I’m not sure whether to go for another random title or not.

Write about your feet.

Yes, time to call it a day. My feet have done sterling service over the years but this is one subject too many…


Paths of Glory

The boast of heraldry, the pomp of pow’r,
         And all that beauty, all that wealth e’er gave,
Awaits alike th’ inevitable hour.
         The paths of glory lead but to the grave.
I’ve just finished reading The Final Whistle: The Great War in Fifteen Players . I bought it last week when I was supposedly getting rid of some books at the Oxfam shop. It is, as you may be able to guess from the title, a book about the Great War and rugby. I’m not one of those people who can quote details of Divisions and battles and all that stuff but I do have an interest in the subject, and I also like rugby.
As a result, I am now motivated to finish a post I began after visiting Southwell Minster. For me, the most interesting part of the visit is the original wooden grave marker of Major J P Becher. It’s on the wall of the graveyard at the east end of the Minster, and I always worry that one day it will disintegrate.

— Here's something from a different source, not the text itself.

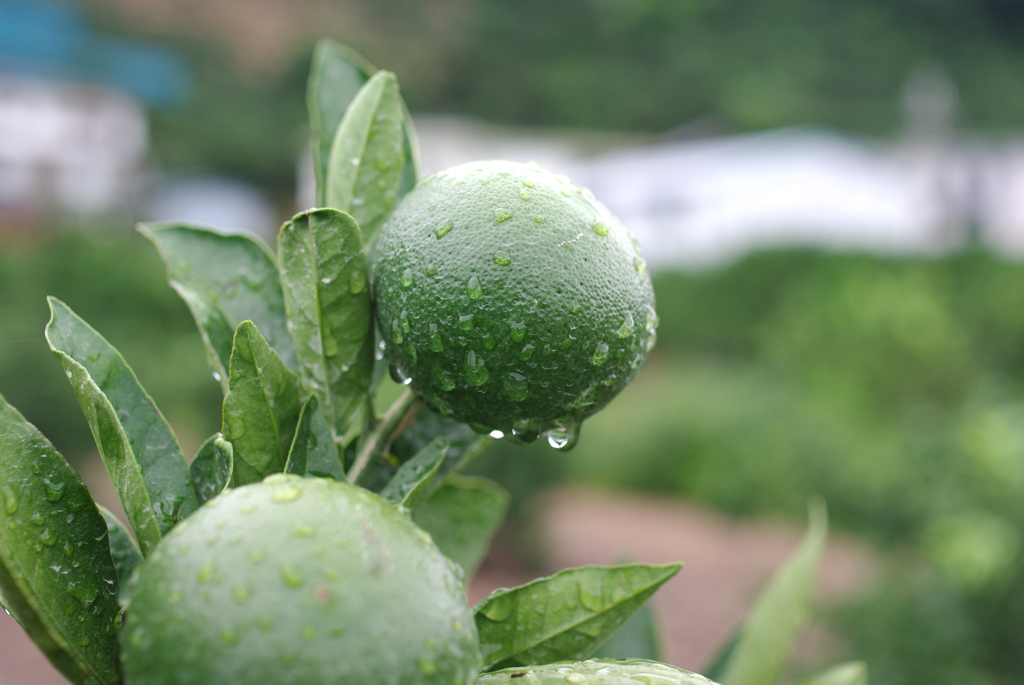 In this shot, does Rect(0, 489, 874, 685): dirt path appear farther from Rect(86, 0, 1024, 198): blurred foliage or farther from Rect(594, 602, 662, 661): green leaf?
Rect(86, 0, 1024, 198): blurred foliage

Original wooden grave marker at Southwell Minster

In this case, Major Becher is commemorated in many other places, as are his brothers-in-law. The brothers-in-law were both killed on the day that Becher suffered his fatal wounds. He lived on for another ten weeks before finally dying, having been too badly injured to be sent home from France.

Grave marker – Major J P Becher

His son, as seen from the small cross in the picture, died in the Second World War.

Father and son

Families were allowed to have the original wooden grave markers returned to them when the permanent stone markers were erected, though I’m not sure how many actually applied for them. I imagine that although it represented closure for many families, it was far too painful for others.
One of my great grandmothers, having lost a son and a son-in-law and seen two other sons seriously injured, refused to even to discuss the war. Another one, having been widowed and left with three young daughters, died in the TB hospital in Lancaster five years after the death of her husband.
It was International Women’s Day yesterday, so it might be appropriate to spend a moment thinking about the women in this story, who also suffered in the war, though nobody erected a memorial to them.
The above link to my great grandmother’s headstone was a complete surprise to me. I was going to add CWGC details but browsed a few others and found that. Though I’ve been in that church and graveyard several times in the past I never thought to look for family gravestones at the time and it was on the list of “things to do”.
That’s the wonder of the web, and a whole new post.